Grateful acknowledgment is made to the following:

-Richard Matheson’s The Twilight Zone Scripts, Volume Two, edited by Stanely Wiater (Edge Books, 2002)

-The Twilight Zone: Unlocking the Door to a Television Classic by Martin Grams, Jr. (OTR, 2008)

-The Twilight Zone Companion by Marc Scott Zicree (2nd edition, Silman-James, 1992)

-Interview with Jack Klugman conducted by Sunny Parich (5/1/1998) for the Academy of Television Arts and Sciences Foundation.

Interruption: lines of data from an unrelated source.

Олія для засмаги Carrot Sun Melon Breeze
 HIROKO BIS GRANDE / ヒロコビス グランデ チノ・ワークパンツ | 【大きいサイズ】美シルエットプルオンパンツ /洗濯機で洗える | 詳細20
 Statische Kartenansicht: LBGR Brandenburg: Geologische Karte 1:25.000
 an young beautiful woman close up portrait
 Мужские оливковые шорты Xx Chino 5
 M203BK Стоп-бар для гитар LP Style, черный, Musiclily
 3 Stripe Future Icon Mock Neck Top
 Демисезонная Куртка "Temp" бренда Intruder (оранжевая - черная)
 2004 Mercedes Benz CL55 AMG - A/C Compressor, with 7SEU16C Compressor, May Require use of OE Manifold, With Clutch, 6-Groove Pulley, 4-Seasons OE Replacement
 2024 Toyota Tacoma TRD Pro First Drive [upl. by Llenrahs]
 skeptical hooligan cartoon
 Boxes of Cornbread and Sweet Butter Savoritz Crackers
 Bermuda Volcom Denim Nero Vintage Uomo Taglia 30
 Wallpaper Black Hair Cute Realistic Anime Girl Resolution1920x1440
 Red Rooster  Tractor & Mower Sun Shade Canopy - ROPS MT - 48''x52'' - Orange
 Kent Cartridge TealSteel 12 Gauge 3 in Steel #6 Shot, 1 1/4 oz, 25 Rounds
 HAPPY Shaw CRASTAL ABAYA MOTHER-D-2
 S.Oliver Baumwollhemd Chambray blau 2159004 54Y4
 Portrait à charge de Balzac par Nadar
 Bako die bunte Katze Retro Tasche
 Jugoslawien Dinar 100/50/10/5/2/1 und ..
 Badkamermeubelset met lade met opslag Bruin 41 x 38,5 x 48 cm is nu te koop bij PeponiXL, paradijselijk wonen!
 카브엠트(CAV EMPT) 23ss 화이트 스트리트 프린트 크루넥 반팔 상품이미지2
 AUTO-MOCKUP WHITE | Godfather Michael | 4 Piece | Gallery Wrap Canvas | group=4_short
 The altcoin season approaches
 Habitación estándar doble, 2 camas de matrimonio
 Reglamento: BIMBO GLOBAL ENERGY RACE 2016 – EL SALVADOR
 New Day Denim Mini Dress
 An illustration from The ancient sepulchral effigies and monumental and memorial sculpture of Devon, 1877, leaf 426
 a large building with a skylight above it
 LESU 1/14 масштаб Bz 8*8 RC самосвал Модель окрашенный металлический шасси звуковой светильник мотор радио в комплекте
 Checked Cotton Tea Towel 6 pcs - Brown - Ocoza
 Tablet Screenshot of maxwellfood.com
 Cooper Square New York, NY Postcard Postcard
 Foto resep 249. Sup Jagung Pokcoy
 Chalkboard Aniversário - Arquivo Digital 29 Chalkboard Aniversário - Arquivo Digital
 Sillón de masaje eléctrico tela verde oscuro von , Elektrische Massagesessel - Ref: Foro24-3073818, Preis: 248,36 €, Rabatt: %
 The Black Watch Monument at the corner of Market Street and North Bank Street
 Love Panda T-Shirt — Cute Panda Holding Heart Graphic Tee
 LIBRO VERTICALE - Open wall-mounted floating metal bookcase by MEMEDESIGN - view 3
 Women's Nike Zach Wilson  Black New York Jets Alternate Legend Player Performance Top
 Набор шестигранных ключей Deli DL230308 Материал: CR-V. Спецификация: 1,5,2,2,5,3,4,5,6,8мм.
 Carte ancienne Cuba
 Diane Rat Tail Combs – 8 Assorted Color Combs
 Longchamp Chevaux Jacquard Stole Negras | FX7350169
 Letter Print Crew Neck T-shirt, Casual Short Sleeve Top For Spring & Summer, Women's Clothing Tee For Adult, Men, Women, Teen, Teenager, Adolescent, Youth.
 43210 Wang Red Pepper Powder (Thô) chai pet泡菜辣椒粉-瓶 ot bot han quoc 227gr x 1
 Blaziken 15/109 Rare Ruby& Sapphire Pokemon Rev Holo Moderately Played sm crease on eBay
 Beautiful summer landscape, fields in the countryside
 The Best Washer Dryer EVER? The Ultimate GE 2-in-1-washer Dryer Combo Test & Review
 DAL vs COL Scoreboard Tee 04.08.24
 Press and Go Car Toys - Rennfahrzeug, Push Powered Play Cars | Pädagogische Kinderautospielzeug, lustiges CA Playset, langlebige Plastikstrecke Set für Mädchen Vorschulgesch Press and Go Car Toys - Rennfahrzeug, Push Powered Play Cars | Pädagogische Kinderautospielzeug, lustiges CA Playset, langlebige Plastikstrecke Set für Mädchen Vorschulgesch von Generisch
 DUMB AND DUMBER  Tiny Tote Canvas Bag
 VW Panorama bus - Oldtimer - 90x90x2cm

-The Internet Movie Database (imdb.com)

-The Internet Speculative Fiction Database (isfdb.org)

Notes: 
Illustration by Karel Thole
for Urania #322, an Italian SF magazine
which included "Death Ship" as
"Il relitto," or "The Wreck"
--Richard Matheson’s original story appeared in the March, 1953 issue of Fantastic Story Magazine. The story was collected in Shock! (Dell, 1961). Most often anthologized as a time travel tale, it appeared in The Best Time Travel Stories of the 20th Century, edited by Harry Turtledove and Martin H. Greenberg (Del Rey, 2005) and The Time Traveler’s Almanac, edited by Ann and Jeff VanderMeer  (Tor, 2014).
--Don Medford also directed “A Passage for Trumpet,” “The Man in the Bottle,” “The Mirror,” and “Deaths-Head Revisited.”
--Jack Klugman also appeared in “A Passage for Trumpet,” “A Game of Pool,” and “In Praise of Pip.” Klugman also appeared in Rod Serling’s Playhouse 90 episode, “The Velvet Alley” (1959).
--Ross Martin also appeared in “The Four of Us Are Dying” and the segments of Rod Serling’s Night Gallery titled “Camera Obscura” and “The Other Way Out.”
--Mary Webster also appeared in “A Passage for Trumpet.”
--Ross Elliott also appeared (uncredited) in “In Praise of Pip.”
--The road which leads to Carter’s home in his afterlife sequence is the same road used to stage Philip Redfield’s (Ed Nelson) crash into an invisible barrier in “Valley of the Shadow.”
--“Death Ship” was adapted as a Twilight Zone Radio Drama starring John Schneider.